Of course, the public, including state lawmakers, needs to understand this new mode for UK will have consequences, says Scott Smith, dean of the College of Agriculture.
Because UK is a land-grant institution, its extension service has offered a multitude of resources for farmers in every county in Kentucky for more than 100 years.
"One of the core values of extension has been open access," Smith said. "As a result of that, it's called cooperative extension because it's supported by local people, county funds, state funds and federal funds. If it's to generate revenue by charging, it will certainly influence the relationship between local governments and the university."
Smith used an example that legislators could hear a lot about: 4-H camps, attended by thousands of Kentucky children for a fraction of the real cost, which is defrayed through county extension offices, could cost parents more.

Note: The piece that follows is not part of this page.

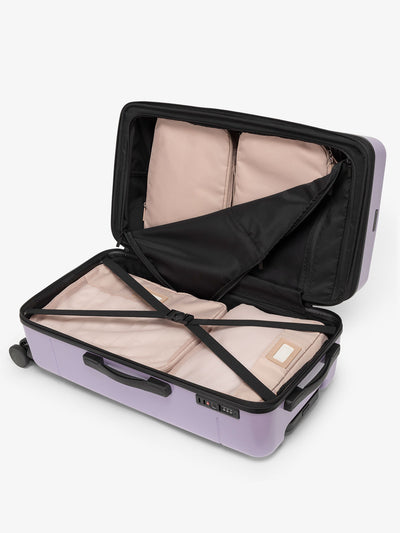CALPAK Hue medium trunk suitcase with spacious interior and zippered divider with pockets in purple orchid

Agriculture does make some money, for example, from fees charged at the veterinary diagnostic lab at Coldstream Research Park.
And Smith believes that legislators who control the budget will be sensitive to the historic compact between Kentuckians and their land-grant school.

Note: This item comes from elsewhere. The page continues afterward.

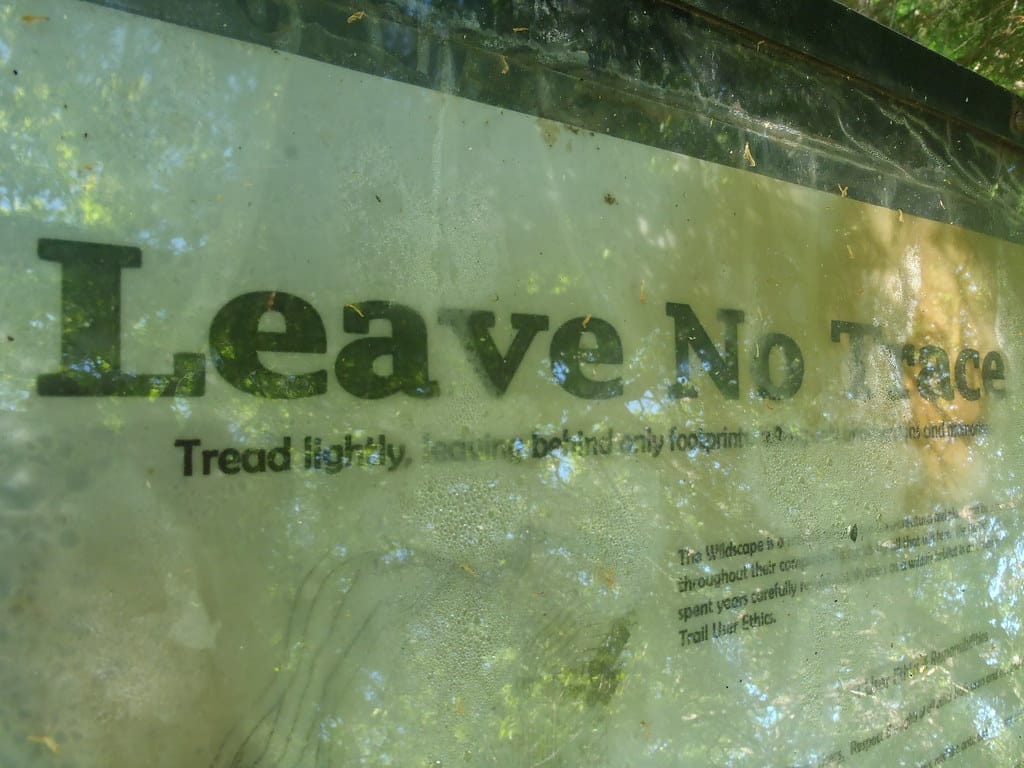 a close up photo of a sign reading 'Leave No Trace', a concept covered in the rock climbing etiquette article.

"In the long run, the people of Kentucky have been very supportive of those things that have been beneficial to them in their community," Smith said, "and their legislators have been sensitive to that."
Britt Brockman, chairman of the UK Board of Trustees, said the board understands UK's financial problems and members have spent most of their interviews with presidential candidates talking about how to make UK more stable.
They will continue to push for more state funding and increased flexibility with issues such as bonding, he said.
A wide range of options has been offered by the candidates being interviewed, he said, including expanding online instruction, increasing programs abroad and recruiting more out-of state students — who pay more tuition. And they've certainly talked about increasing development and philanthropy.
"But we will continue to rely on state support to fund the basic operations of the institution — those dollars are, as President Todd says, 'our teaching money.' That won't change," Brockman said in a statement to the Herald-Leader.
"And we have sought assurance that regardless of financial circumstance, they (presidential candidates) are fully committed to fulfilling our obligation as Kentucky's flagship university to our goals of enrollment growth and access. The challenge for the next president is how best to get that done."